48 comments on “Borders Under a Minute

  1. wow! this tutorial is great! It makes me feel like a pro hehe 🙂 thank you so much… keep the tutorials coming!

  2. In the tutorial “Borders in a Minute”, can you give a tutorial on how to make the digital swoops graphic in the opening display / lesson.


  3. This was a great tutorial! I’ve been going through a creativity dry spell but this has given me a few ideas. And it’s so simple!!!!! XD

  4. I have been watching your videos for a while. THis video is the one that I found it very fun to work around my pictures. THanks so much.

  5. This is a handy hint. I had a folder of images I wanted to have edge effects on but was lost to how to create one and I was thinking of googleing it, then instinct told me to go to NAPP site where I then got a link to this tutorial.
    Very brief, yet detailed.
    Thank you

  6. This was so simple to do, I actually tried this today and my graphic came out better than what I had hoped for. I don’t know what I would have done without these tutorials

  7. Thank you so much. I just did it and having fun creating border from your simple tutorial. i didnt know it is that simple :-)) i shared your website to my friends in my blog, i hope that is ok.
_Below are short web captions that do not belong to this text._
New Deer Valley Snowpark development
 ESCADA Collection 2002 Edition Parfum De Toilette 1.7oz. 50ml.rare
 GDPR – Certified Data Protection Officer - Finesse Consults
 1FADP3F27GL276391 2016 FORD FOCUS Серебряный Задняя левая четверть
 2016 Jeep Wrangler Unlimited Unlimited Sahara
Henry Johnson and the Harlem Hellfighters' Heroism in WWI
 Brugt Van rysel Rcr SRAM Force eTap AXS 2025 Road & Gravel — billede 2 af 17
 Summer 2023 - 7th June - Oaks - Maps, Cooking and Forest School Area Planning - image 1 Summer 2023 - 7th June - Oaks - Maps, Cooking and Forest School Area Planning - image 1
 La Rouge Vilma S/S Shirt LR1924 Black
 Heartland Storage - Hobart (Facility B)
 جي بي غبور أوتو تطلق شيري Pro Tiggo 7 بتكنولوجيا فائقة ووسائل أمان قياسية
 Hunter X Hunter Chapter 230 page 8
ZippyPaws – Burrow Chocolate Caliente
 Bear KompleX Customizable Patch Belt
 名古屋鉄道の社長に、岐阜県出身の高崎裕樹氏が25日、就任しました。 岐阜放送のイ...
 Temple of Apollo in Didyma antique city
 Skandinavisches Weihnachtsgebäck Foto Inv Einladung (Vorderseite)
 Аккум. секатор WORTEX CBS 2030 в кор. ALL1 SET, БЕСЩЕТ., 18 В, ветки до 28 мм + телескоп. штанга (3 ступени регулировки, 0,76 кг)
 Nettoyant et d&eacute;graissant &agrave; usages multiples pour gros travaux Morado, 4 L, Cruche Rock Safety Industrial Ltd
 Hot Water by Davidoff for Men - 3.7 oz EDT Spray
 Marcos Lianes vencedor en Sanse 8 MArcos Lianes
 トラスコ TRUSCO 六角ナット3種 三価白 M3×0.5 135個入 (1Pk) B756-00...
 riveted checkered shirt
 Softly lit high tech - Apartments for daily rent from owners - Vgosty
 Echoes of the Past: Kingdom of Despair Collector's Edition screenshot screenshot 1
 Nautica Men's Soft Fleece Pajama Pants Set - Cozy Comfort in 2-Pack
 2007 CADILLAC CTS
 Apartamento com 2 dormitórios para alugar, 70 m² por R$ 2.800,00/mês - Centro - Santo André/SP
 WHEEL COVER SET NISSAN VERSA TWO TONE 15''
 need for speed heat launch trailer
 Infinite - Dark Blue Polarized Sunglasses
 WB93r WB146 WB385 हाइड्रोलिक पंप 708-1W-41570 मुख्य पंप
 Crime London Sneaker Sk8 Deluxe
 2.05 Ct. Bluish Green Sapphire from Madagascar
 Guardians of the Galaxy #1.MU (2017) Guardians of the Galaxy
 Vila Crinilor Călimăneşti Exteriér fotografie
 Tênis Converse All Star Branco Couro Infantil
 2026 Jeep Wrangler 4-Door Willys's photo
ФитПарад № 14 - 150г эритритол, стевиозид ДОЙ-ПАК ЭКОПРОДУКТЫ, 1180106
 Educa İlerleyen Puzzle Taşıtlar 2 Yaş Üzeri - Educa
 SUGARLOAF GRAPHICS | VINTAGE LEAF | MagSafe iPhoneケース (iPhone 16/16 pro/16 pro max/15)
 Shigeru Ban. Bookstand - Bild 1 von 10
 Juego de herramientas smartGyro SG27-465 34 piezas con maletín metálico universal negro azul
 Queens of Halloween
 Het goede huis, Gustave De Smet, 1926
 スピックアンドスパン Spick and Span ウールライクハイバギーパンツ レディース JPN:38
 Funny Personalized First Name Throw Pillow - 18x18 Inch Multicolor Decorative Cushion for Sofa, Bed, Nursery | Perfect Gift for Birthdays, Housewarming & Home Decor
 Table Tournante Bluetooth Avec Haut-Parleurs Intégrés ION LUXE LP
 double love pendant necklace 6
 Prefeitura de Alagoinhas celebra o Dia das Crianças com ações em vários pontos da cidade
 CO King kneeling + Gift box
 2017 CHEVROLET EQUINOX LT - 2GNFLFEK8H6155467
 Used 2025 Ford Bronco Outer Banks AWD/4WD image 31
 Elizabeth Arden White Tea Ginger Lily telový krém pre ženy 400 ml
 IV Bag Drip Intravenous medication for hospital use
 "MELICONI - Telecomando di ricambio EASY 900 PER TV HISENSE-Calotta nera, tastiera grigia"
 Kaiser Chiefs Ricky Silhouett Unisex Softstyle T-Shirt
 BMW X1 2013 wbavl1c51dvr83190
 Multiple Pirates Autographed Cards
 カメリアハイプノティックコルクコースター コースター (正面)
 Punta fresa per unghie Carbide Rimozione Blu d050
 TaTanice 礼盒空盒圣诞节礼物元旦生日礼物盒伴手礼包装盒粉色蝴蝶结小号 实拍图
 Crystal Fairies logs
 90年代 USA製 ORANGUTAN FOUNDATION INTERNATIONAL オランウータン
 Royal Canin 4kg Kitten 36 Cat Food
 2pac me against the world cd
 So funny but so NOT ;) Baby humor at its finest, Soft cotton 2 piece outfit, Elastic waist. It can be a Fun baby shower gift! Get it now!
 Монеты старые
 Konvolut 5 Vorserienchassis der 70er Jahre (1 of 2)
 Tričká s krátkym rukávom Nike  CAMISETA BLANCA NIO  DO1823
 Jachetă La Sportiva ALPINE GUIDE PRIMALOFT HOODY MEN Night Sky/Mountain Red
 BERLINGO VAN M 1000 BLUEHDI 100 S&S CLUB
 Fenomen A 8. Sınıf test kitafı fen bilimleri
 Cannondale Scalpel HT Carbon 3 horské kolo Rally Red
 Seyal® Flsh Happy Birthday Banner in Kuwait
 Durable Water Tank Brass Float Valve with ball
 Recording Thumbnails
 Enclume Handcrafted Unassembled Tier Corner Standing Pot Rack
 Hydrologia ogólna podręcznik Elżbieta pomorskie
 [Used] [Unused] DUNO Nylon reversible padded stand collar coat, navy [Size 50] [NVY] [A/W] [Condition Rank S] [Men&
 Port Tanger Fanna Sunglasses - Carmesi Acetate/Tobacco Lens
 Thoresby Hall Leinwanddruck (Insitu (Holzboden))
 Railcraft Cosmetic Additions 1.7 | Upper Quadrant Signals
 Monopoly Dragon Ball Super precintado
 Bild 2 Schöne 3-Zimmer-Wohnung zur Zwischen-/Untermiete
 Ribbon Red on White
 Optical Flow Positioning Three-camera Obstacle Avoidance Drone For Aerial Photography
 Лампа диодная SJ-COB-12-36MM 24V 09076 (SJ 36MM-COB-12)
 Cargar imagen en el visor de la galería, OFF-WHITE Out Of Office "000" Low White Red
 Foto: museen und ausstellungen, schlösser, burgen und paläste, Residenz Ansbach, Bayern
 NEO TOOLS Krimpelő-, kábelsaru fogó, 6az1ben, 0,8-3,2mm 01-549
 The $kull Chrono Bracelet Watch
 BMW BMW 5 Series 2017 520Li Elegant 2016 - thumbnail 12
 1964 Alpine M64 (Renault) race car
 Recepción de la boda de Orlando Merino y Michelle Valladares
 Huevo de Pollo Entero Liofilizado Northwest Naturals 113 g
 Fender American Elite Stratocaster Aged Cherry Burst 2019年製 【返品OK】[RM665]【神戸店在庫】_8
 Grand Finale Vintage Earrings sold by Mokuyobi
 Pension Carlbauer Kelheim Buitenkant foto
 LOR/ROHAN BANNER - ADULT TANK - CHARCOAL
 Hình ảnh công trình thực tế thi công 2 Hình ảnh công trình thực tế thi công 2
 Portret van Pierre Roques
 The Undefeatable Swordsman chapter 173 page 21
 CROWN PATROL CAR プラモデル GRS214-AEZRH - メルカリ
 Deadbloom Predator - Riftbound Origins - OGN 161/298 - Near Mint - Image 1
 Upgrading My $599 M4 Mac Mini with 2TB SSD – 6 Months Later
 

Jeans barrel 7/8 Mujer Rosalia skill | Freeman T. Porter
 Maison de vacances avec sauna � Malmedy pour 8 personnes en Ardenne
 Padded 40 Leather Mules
  8. Same as poster above, I get confused when you fill your doodle with color early on in the tutorial – I’ve noticed that some of these tutorials aren’t really PS newbie friendly – which kinda defeats the purpose. I am on a mac trying to “option+delete” the hell out of it, but no color is pasted down…. You might want to explain and/or cover alternative ways of doing it…

    Other than that, the tutorial and the effect it creates looks great!

  9. Hi all, I have only recently found this great site, good tutorials!
    As for the problem people have with adding foreground colour, if you look at the bottom left of the tools palette you will see two small squares wich by default are black on top and white below, these are the same squares that will CHANGE COLOUR when you choose a different colour from the colour palette (ie when using a brush). The top square (default black) is the foreground colour (brush colour) the lower square is the background colour (canvas colour if you will) default white. If you press the D key on your keyboard (Mac or PC) you will be given the default colours (even if you had other colours previously selected). if you press the X key (Mac or PC) it will toggle these colours from foreground to background, (you can also do this in the tools pallette by using the small arrows icon on the top right of these squares). When using Option+Delete (Mac) or Alt+Backspace (PC) you are filling your selection with the FOREGROUND COLOUR ( ie if default colours are used it will be filled with black). As Photoshop uses a Black to White (Grayscale) Image to create a mask, anything White will be 100% solid, and anything Black will be 100% Transparent, and so show your image underneath. Anything shaded gray will have varying levels of transparency. Hope this helps!
    (Note: using Command+Delete Mac) or Ctrl+Backspace (PC) will fill your selection with the BACKGROUND colour you have) ie if default colours will be White.
    Love the site Corey, Keep up the great work!

  10. Pingback: Borders Under a Minute | design that works

  11. New to Photoshop – Self taught using web and books. This post is awesome. Clear, easy to follow directions. I can’t wait to show my customer their unique final image made using your techniques!!!